The good news about carry loads in both places? You don’t need to lug around water because the glacial runoff provides abundant fresh water sources.
How much time do you have?
You can see most parts of the national park in El Chalten with three day hikes. We did the Loma del Pliegue Tumbado, Laguna de los Tres, and Laguna Torre hikes and would rank them in that order. In Torres del Paine, you need 4-5 days for the “W” trek and at least a day of preparation to get all your stuff together. We did not have enough time to do the full 8-9 day circuit there but it sounds incredible and with that much time available should definitely be a consideration.
What about costs? Is one significantly more expensive than the other?
Generally, unless you have your own gear and are planning on spending over a week in Torres del Paine, El Chalten is going to be cheaper. There are no national park or camping fees there and you literally walk from town to all the trailheads. However, food and accommodation in town is a bit on the pricey side relative to the rest of Argentina. Remember to bring hard currency (preferably US dollars) into Argentina to maximize your exchange rate by using blue dollars. Expect $10US for a dorm bed or $30US for a private room.
Puerto Natales, the launch point for Torres del Paine, is more expensive, $15-$20 for a dorm and $50 or so for a private room. The bus and park fee just to get into Torres del Paine will run about $50US and the catamaran most people take either starting or finishing the trek is another $30, so you’re looking at $80US per head just to get to the park and back. However, if you spend a week there eating your own food and sleeping in the free camp sites, it averages out pretty well. It’s worth noting that many camp sites in Torres del Paine are paid camp sites, but the free ones are actually better! We would also highly recommend bringing your own food regardless because the few options for ready-made meals in the park are extremely overpriced.
Obviously also look into the reciprocity (“visa”) fees if you plan to cross a border. Argentina charges a $160 fee for US citizens, but Chile recently lifted the $160 reciprocity fee for Americans. Check the fee policies for your country’s citizens for Argentina and Chile before sprinting for the mountains.
I really just want to see a glacier up close. Where is the best place to do that?
Lucky for you, again you can’t really go wrong. Glacier Grey in Torres del Paine is awesome. And if you go to El Chalten, you are most likely travelling through Calafate, the launching point for the world famous Perito Moreno Glacier, an absolute must-do (set aside a full day for this experience). So with either option you’re going to see a really cool glacier up close.
Both options sound great…I still can’t decide!
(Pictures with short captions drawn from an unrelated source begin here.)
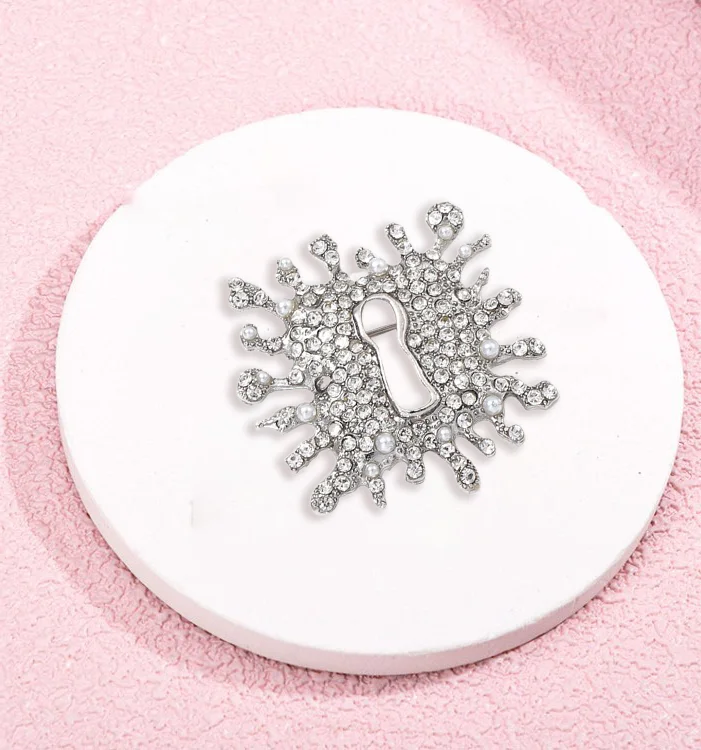 Cross border elegant temperament exquisite women's jewelry, light luxury retro trend alloy full diamond lock head keyhole brooch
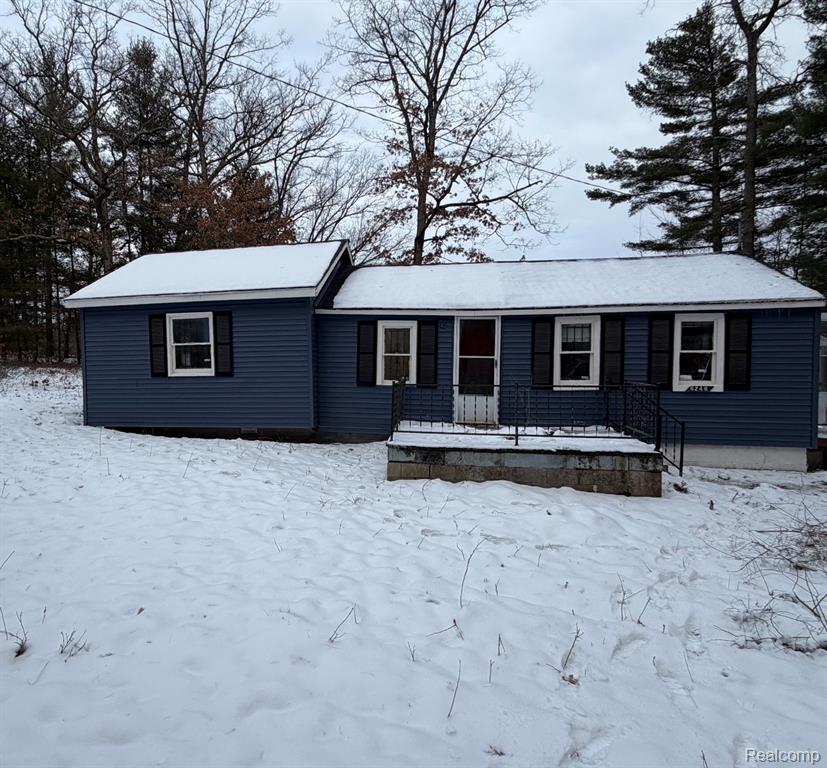 6240 S Labelle Drive, Idlewild, MI 49642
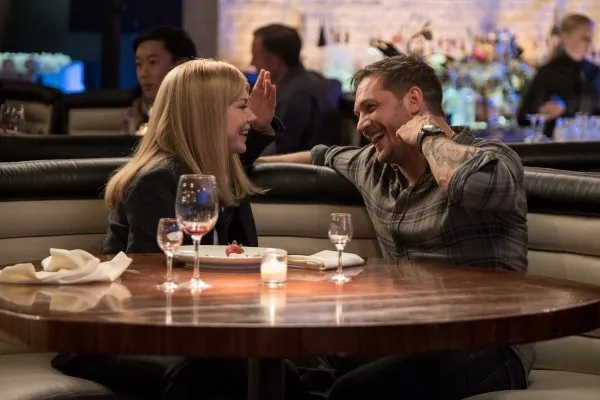 Michelle Williams vào vai bạn gái của Eddie. (Ảnh: Sony)
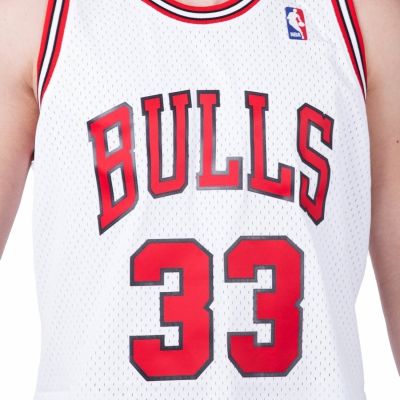 4. Mitchell & Ness Chicago Bulls NBA Home Swingman Jersey Bulls 97-98 Scottie Pippen M SMJYAC18054-CBUWHIT97SPI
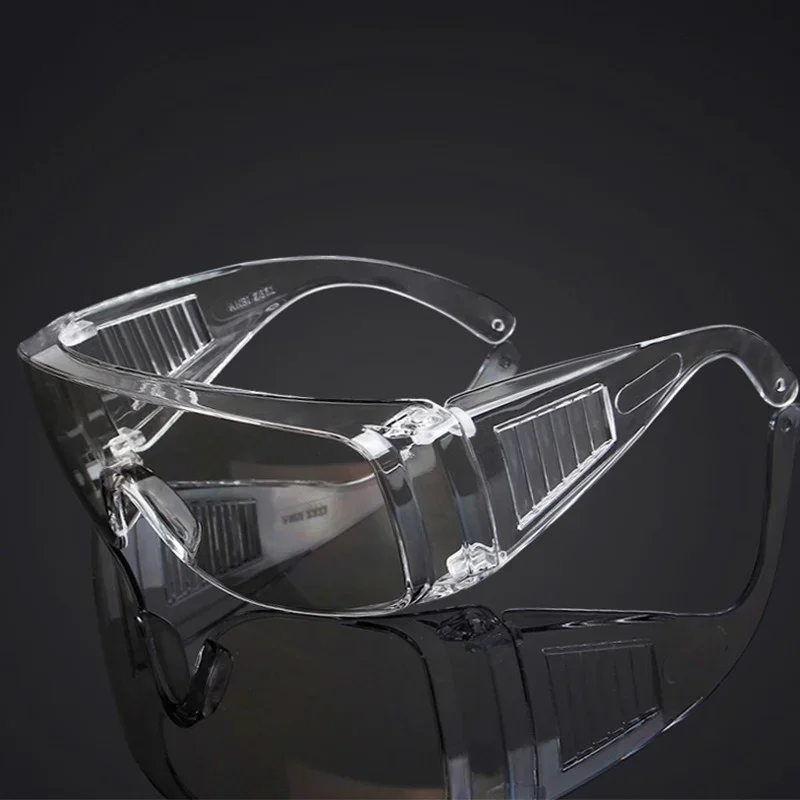 Lot de 5 lunettes de protection anti-buée empilées, parfaites pour équiper une équipe en laboratoire ou chantier.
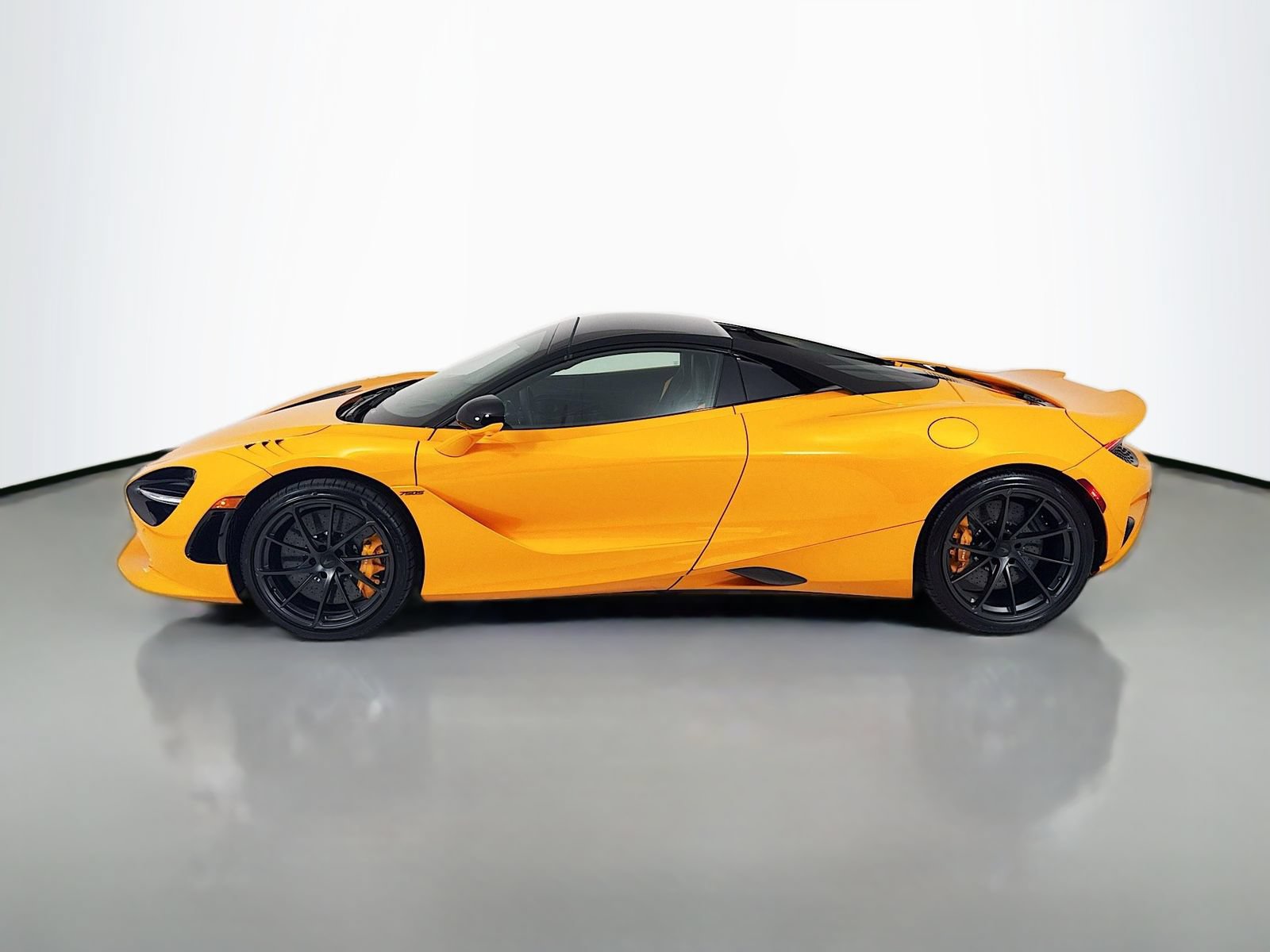 New 2027 McLaren 750S Spider 4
I would generally say if you have less time (2-3) days, definitely go with El Chalten. You’ll be able to get at least two awesome day hikes in and see most of the park. In Torres del Paine, you need at least 4 days (including one prep day) to do it right, preferably more. If you have more time (4+ days) it just comes down to how much you like to rough it. Do you want to be one with the elements or sleep in a warm bed? Are you okay with putting on a wet jacket and damp boots in the morning? Do you want to carry all your stuff?
I kind of preferred a steak meal and a bed in Chalten vs. eating watered-down soup and turkey sandwiches in our tent for four days, but I practically had to drag Alison out of the park in Torres del Paine. To each their own.
As mentioned several times before, you can’t go wrong here. The scenery and natural beauty in the Andes of southern Patagonia is unrivaled and should be on every traveler’s bucket list. I promise your jaw will drop when you reach the end of these trails, no matter where you are. It’s that spectacular.